God Did: my two favorite words in Scripture

As you may have noticed at this point on our journey together, I have been reading Romans lately. Thinking about it, mulling it over, considering in which ways I already believe it is true, wondering what I don’t believe about how this world works that God has already stated as true about how this world works. Enjoying as the truth in the epistle to the Romans is made plain to me. In many ways, I feel like it is taking much longer than I would prefer. I am amazed by the new things I notice about the text and also the things that seem equally amazing each time.

I started my more in-depth study in Romans 8, then backed up to Romans 1 and started from the beginning. Of all the things said in all eight chapters, I still find the same two words most encouraging. I can’t deny Romans 8 ends with enough encouragement to make my heart feel like bursting, but it is two little words in the beginning of that chapter that continue to strike me. I am so grateful that what the Law was powerless to do, God did.

I don’t know about you, but I don’t have that many highly successful days. I was having some pretty good weeks, but I am finding myself on a slippery slope with my brain just begging me to be mad at people. My brain likes to rehearse other people’s sins. I think it distracts it from facing my own selfishness. In twelve-step groups, we say “focus on yourself”, which has nothing to do with being selfish and everything to do with facing your own sin instead of pointing out other people’s transgressions.

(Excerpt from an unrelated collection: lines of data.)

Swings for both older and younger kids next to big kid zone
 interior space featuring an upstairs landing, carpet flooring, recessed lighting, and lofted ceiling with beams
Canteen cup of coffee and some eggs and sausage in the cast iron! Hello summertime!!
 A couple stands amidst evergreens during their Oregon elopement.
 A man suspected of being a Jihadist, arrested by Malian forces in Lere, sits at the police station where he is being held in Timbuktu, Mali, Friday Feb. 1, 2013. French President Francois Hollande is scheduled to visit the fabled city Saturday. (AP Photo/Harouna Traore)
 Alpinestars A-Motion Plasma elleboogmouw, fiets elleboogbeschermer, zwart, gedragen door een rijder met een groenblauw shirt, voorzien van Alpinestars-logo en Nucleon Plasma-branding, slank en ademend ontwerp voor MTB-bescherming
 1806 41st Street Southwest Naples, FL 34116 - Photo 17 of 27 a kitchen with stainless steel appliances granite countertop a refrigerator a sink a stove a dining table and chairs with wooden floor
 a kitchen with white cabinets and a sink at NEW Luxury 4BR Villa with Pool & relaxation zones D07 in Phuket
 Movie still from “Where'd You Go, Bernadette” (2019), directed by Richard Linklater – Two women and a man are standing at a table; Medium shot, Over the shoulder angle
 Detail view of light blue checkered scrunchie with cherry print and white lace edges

Based on my actions this week, I am not very righteous. My thoughts revolve at a self-centered and high rate of speed. Always, always, always looking for ways to protect myself, promote myself and please myself. Very seldom do I truly wonder how to do these same things for others at the expense of my own comfort. When I do, in some twisted sort of way, it is still so that I feel better about who I am and not about truly giving selflessly of myself.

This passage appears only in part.